The study addresses issues in two directions. First, we identify the eye-movement indicators that could reveal the solvers’ regulation of cognitive load. These indicators also reveal the deliberation of successful and unsuccessful individuals when solving problems of different difficulty. For the three categories of indicators, we predicted that successful problem-solvers would demonstrate greater gaze aversion (i.e., RT − TFD, TFD of blank, and NOF of blank), more long fixations (i.e., NOF of 500 ms or greater), and greater pupil sizes than unsuccessful problem-solvers. In addition, we predicted that participants would demonstrate more gaze aversions, long fixations, and spontaneous reflections while solving difficult problems. However, we expected no significant differences between groups or difficulty levels of problems in the gaze duration, which is recognized as an indicator that reflects the initial reading processing in English texts (Hyönä et al. 2003; Yang et al. 2018) and Chinese texts (Jian et al. 2013), instead of deliberative thinking. We also examine the effect of interactions between groups and problem difficulties on the four categories of eye-movement indicators.
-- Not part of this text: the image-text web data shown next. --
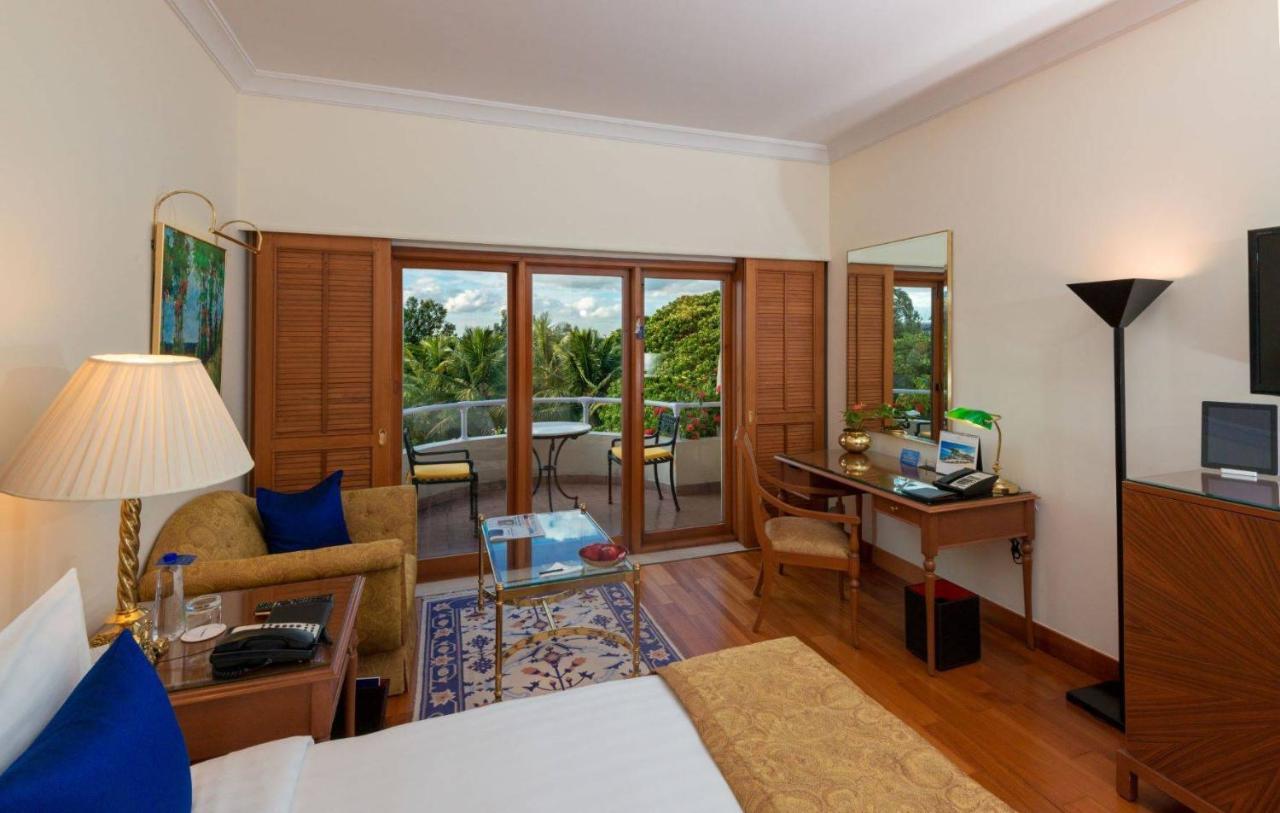The Oberoi Bengaluru Hotel Екстериор снимка A room at the Taj Bengal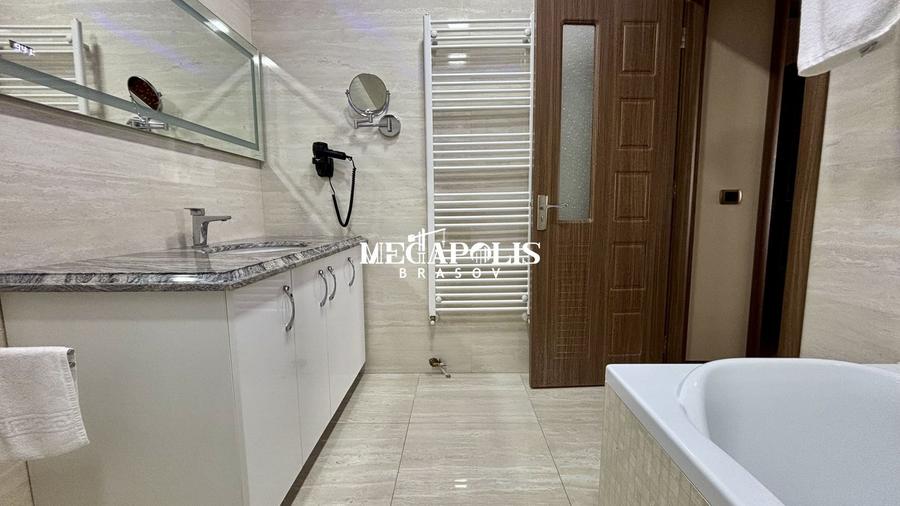 Apartament cu 4 camere în Tractorul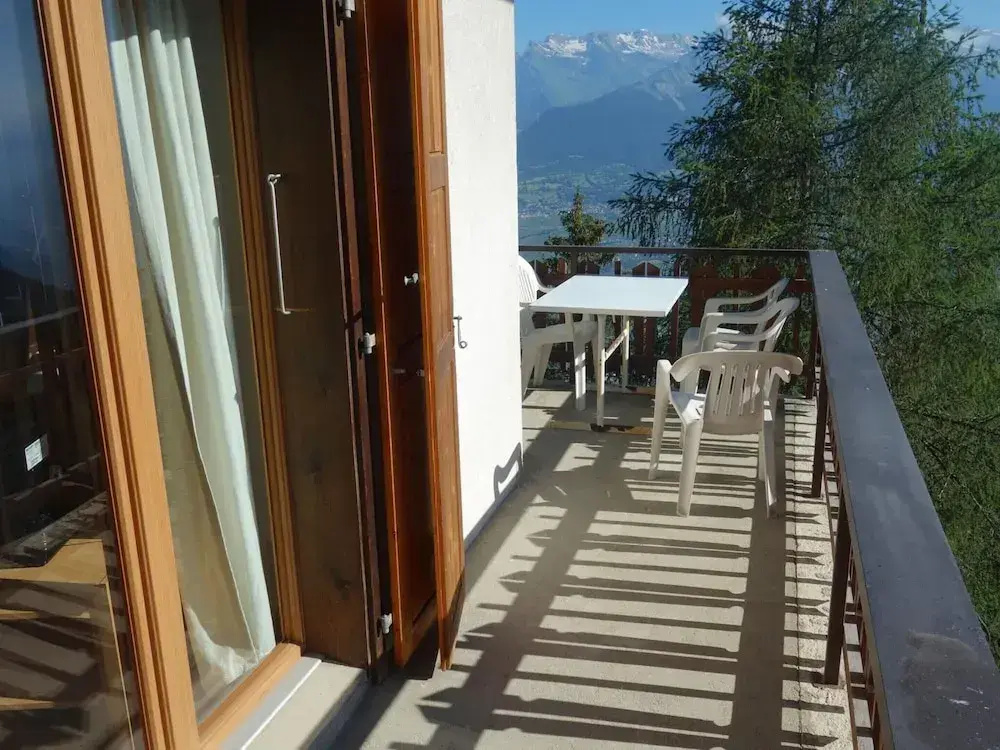 Charming Apartment With Valley
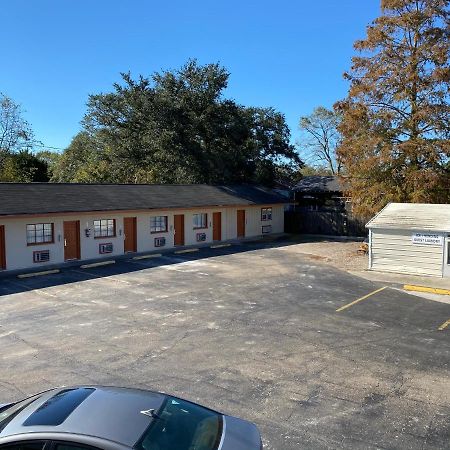 Relax Inn-Plaquemine Exterior photo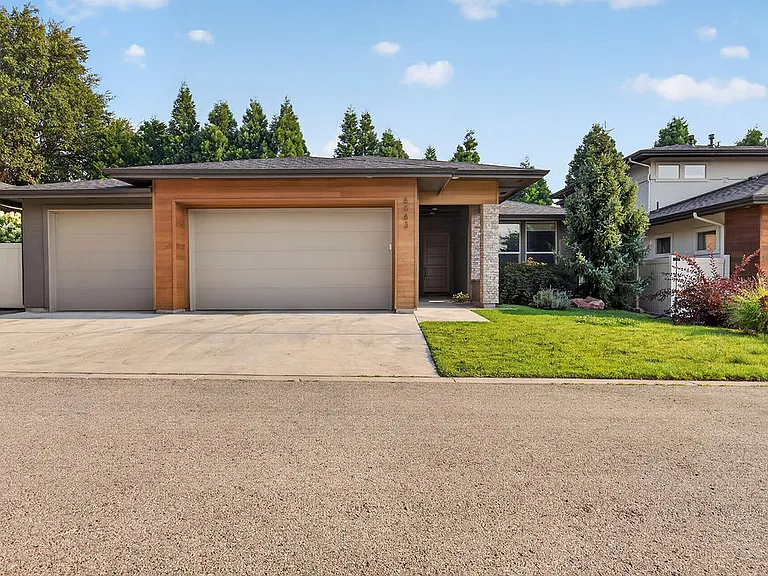 6063 W Baron St — Photo 1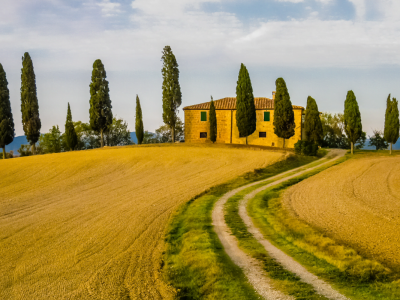 Desfrute da paisagem deslumbrante da Toscana em um roteiro personalizado pela Itália.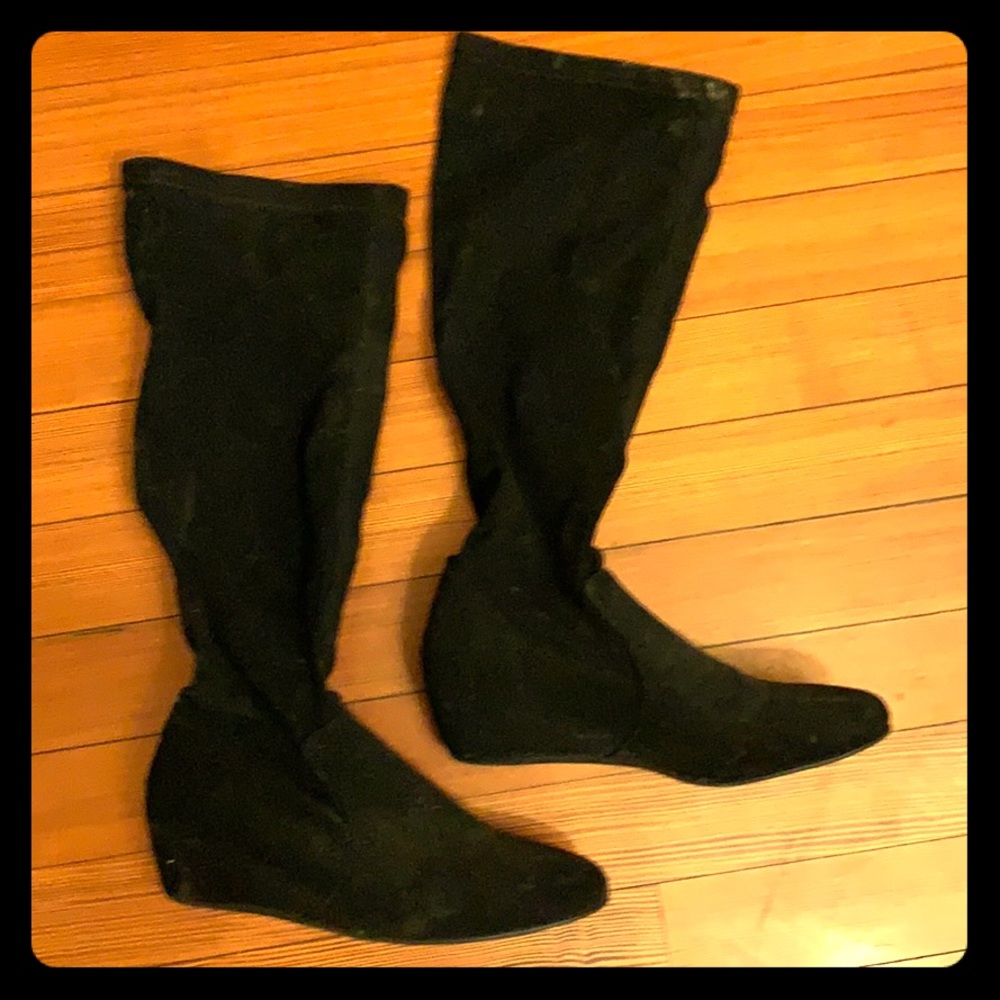 Accepting offers!! Boden wedge boots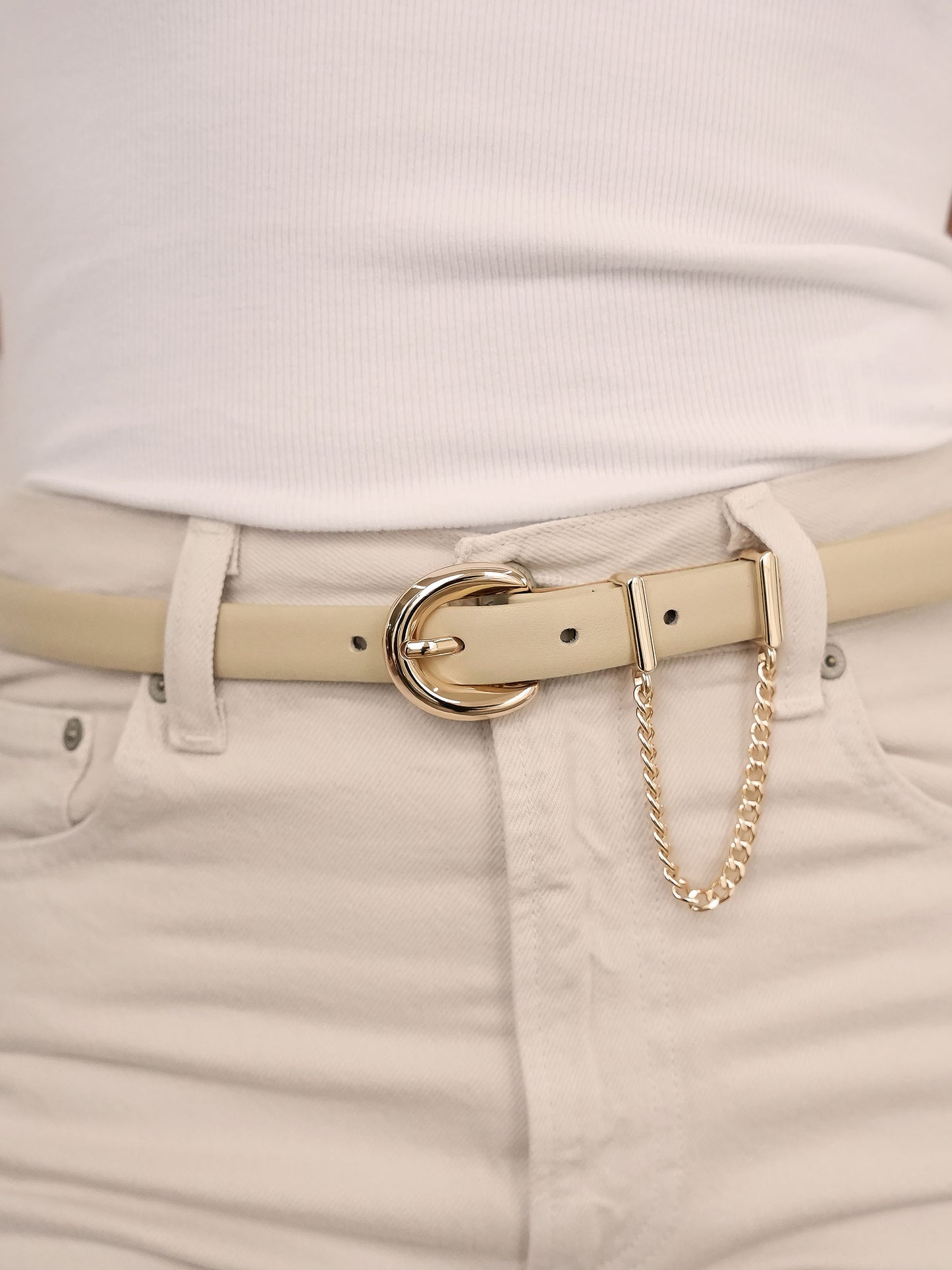 Cascade Chain Belt in Ivory on model 2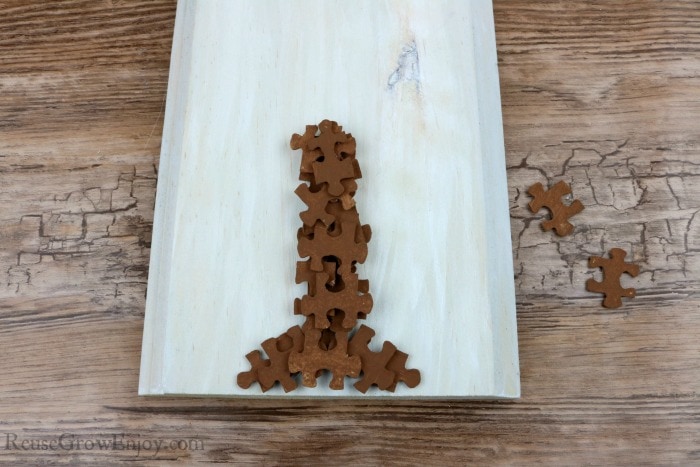 Brown pieces make up tree trunk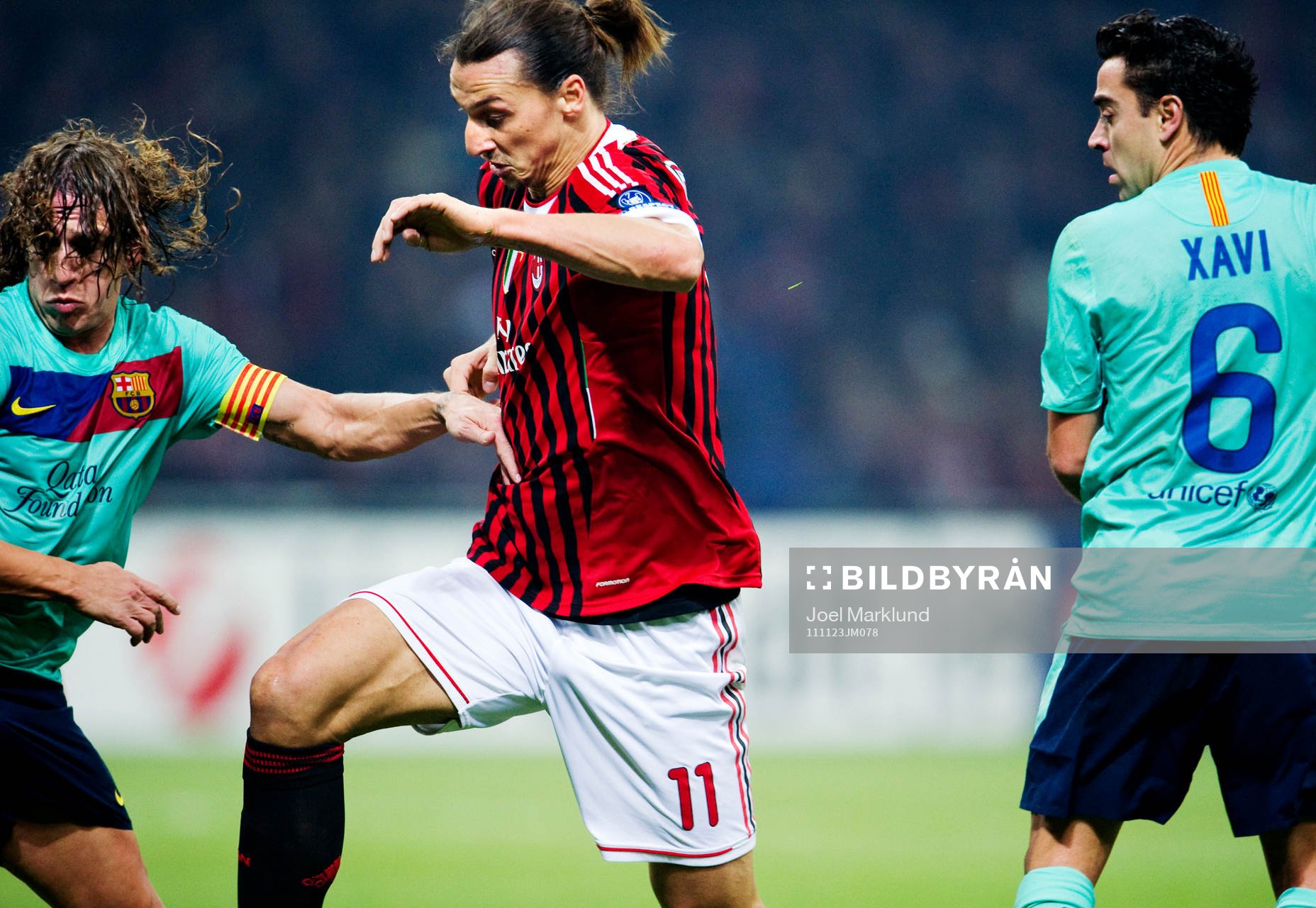 Carles Puyol och Xavi Hernandez, Barcelona, kämpar mot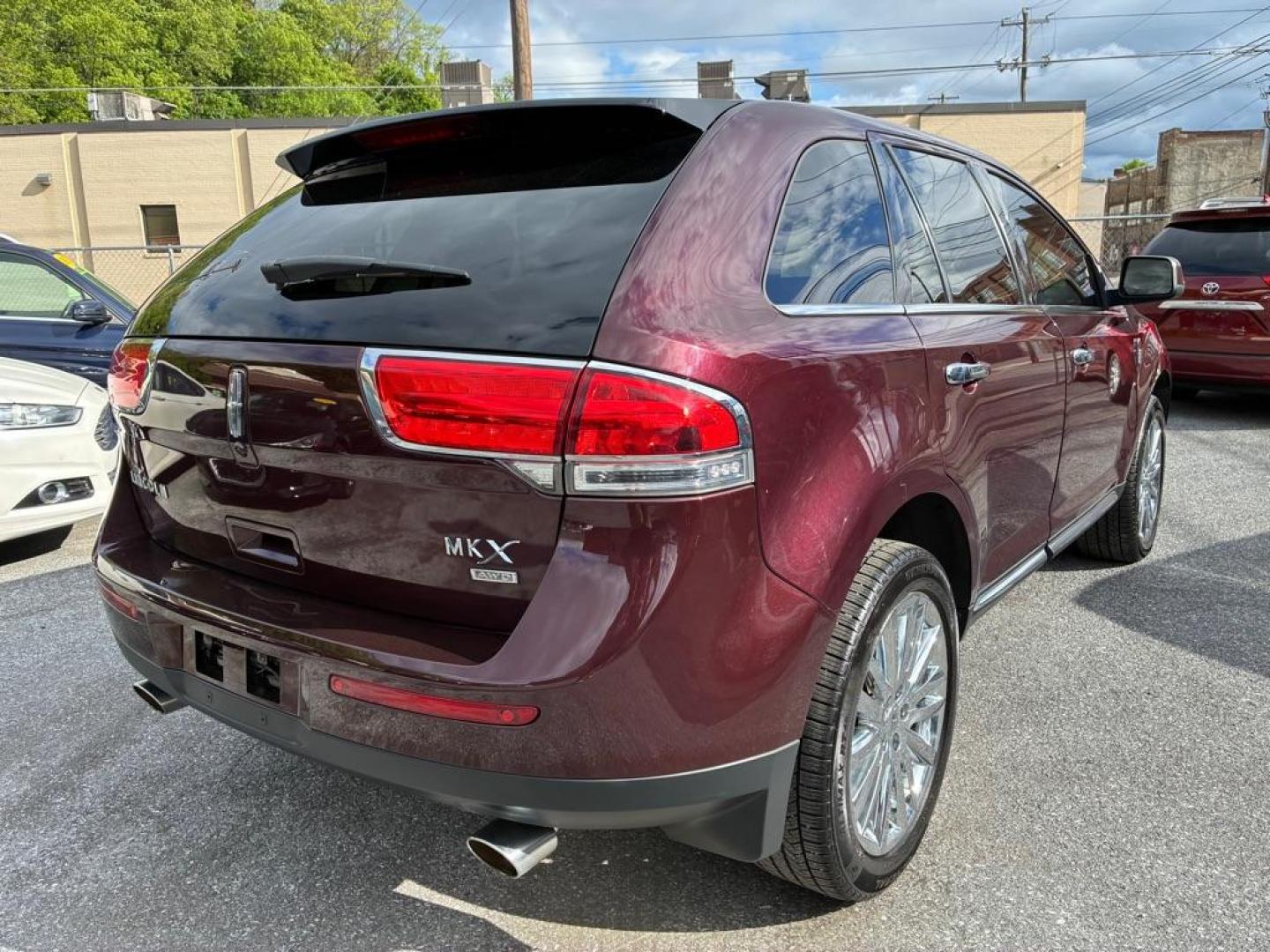 2011 BURGAN LINCOLN MKX (2LMDJ8JKXBB) with an 3.7L engine, Automatic transmission, located at 117 North Cameron Street, Harrisburg, PA, 17101, (717) 963-8962, 40.266762, -76.875259 - WE FINANCE!!! MOST vehicles are available for financing. Good Credit/ Challenged Credit/ No Credit - ALL Trade-Ins Welcomed!!! APPLY ONLINE or CALL us TODAY Please call us to discuss your cash and/or financing options. Thanks for checking our inventory! We're here to help. - Photo#4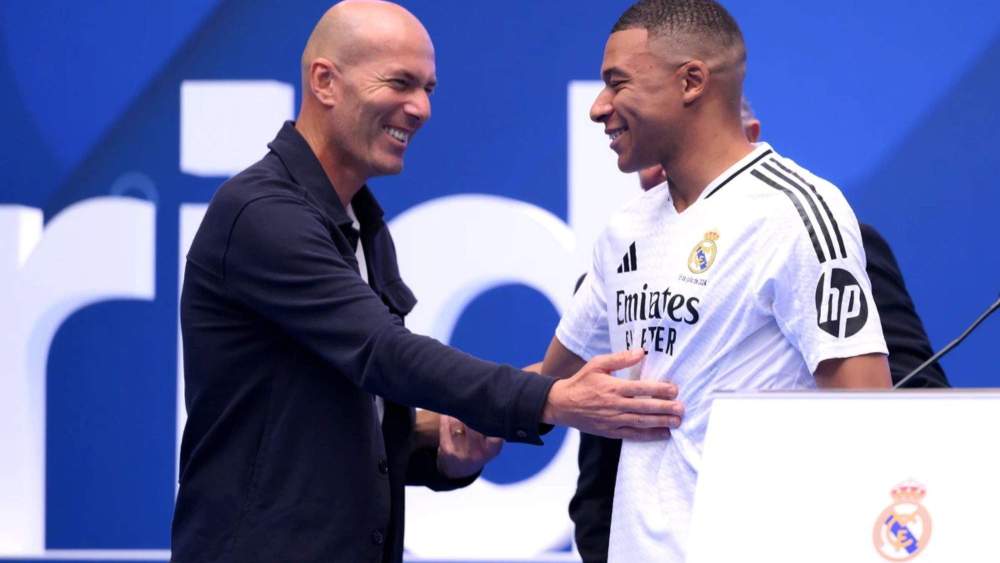 mbappe zidane presentacion madrid mbappe zidane presentacion madrid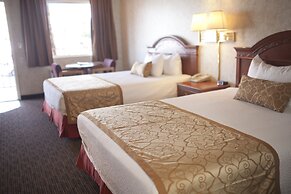 St. George Inn & Suites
Second, we investigate whether a combination of eye-movement indicators can roughly distinguish between successful and unsuccessful problem-solvers. If the patterns and quantity of eye-movement behaviors can adequately reflect individuals’ processes of successfully or unsuccessfully solving problems at different levels of difficulty, then we should be able to predict individuals’ problem-solving performance based on their visual behaviors.

Method

Participants and design

The valid participants were 69 sixth-grade students (aged 11–12) from two elite schools in Taipei. Prior to conducting this experiment, 179 sixth graders were assessed by the Reading Comprehension Screening Test (Ko 1999). Participants with normal reading ability who had parental consent for the eye-tracking experiment were invited to participate. All participants had already learned the testing material, two-step compare word problems, in their math classes over the preceding year. The eye-movement data of all participants were included since their valid ratio was above 85%, indicating good data quality. A mixed factorial design consisting of between- and within-subjects factors was adopted. The between-subjects factor was groups. Median splits on testing material scores defined the boundaries between two groups: successful (n = 35) and unsuccessful (n = 34) problem solvers. The median score on the test material was 12 out of a total score of 16 (M = 10.84, SD = 3.26). The within-subjects factors were related to the testing material, including the consistency of semantic structures and versions. All participants solved the testing material, which included 16 target problems generated with a 2 × 2 within-subjects design, so all comparisons involving problem types are within-subjects comparisons.

Materials

This study’s testing material contained two-step compare word problems on various topics, including comparison, baseline amount, and cost and selling prices, from sixth graders’ mathematics textbooks. These problems were adapted from Hegarty et al. (1992) and are similar to those used in participants’ math classes. Four types of problems were used in this study, 16 problems in total. The types of problems were classified based on their semantic structures (consistent or inconsistent) and versions (text-only or illustrated). Each problem consisted of four sentences, each on a single line, presenting the background information, the relationship between known and unknown quantities, the known quantity, and a question. The consistent and inconsistent problems differed according to the consistency of their semantic structures with the arithmetic operations, presented in the third sentence, and illustrations were also adapted according to the texts. Moreover, the texts of problems in the text-only version were the same as in the illustrated version. The test format contained true/false questions with scores ranging from 0 to 16. Two experienced math teachers were invited to adjust the testing materials in this study to ensure that the wording and content of the problems were appropriate for the literacy level of elementary students. All testing materials were also adapted according to the results of a preliminary study involving several elementary students. Furthermore, a pilot study was conducted to clarify the effects of consistency and problem version on 338 sixth-grade students’ performance. Results indicated that the accuracy of consistent-illustrated, consistent-text, inconsistent-illustrated, and inconsistent-text problems was .84, .79, .61, and .57, respectively. The accuracy was higher for consistent problems than inconsistent ones, F(1, 337) = 239.05, p < .001, η = .42, accuracy was higher for illustrated problems than text-only ones, F(1, 337) = 29.80, p < .001, η = .08, and there was no interaction effect between consistency and problem version.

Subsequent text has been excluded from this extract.